The proposed amendment(s) shall be published in the next regular
edition of the newsletter and ballots shall be distributed to
all members within 90 days of publication to vote on the proposed
amendment. Ballots must be returned to MGWA within 30 days of
distribution to be counted.
3. The bylaws of MGWA shall be so amended if the proposed amendment
is approved by a majority of ballots cast by members of MGWA.
Article X. Nonprofit:
The Association shall not afford pecuniary gain, incidentally
or otherwise, to its members. No part of the net earnings of MGWA
shall inure to the benefit of, or be distributable to members.

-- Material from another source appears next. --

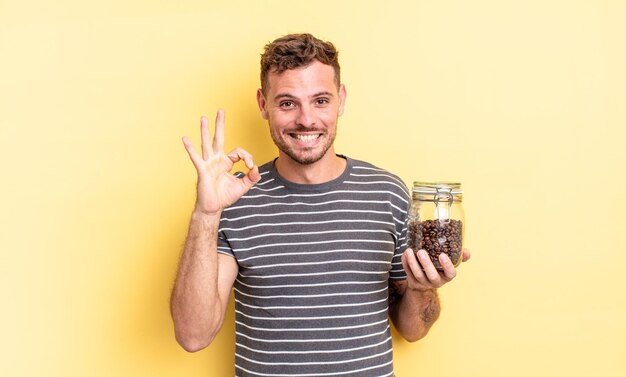 Young handsome man feeling happy, showing approval with okay gesture coffee beans concept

officers, or other private persons except that MGWA shall be authorized
and empowered to pay reasonable compensation for services rendered
and to make payments and distributions in furtherance of its purposes
as an educational and scientific association. No substantial part
of the activities of the Association shall be involved in attempts
to influence legislation, and the Association shall not participate
in or intervene in (including the publishing or distribution of
statements) any political campaign on behalf of any candidate
for public office.
Article XI. Operational Limitations:
Notwithstanding any other provision of these articles, the organization
shall not carry on any other activities not permitted to be carried
on (a) by an organization exempt from Federal of Minnesota Income
Tax under section 501(c)(3) of the Internal Revenue Code of 1954
(or the corresponding provision of any Minnesota or future United
States Internal Revenue Law) or (b) by an organization, contributions
to which are deductible under Section 170(c)(2) of the Internal
Revenue Code of 1954 (or the corresponding provision of any future
United States Revenue Law).
Article XII. Merger or Dissolution Clause:
Upon the merger or dissolution of MGWA, the Board shall, after
paying or making provisions for the payment of all of the liabilities
of the organization, dispose of all of assets of the organization
exclusively for the purposes of the Association in such a manner,
or to such organization or organizations organized and operated
exclusively for charitable, educational, or scientific purposes
as shall at the time qualify as an exempt organization or organizations
under Section 501(c)(3) of the Internal Revenue Code of 1954 (or
the corresponding provision of any future Minnesota or future
Untied States Internal Revenue Law), as the Board shall determine.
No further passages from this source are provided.